§ Problem:
Restate the listing exactly.

§ Provided data:
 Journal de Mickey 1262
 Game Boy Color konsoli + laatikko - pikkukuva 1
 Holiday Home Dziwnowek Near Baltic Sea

§ Solution to this exercise:
 Journal de Mickey 1262
 Game Boy Color konsoli + laatikko - pikkukuva 1
 Holiday Home Dziwnowek Near Baltic Sea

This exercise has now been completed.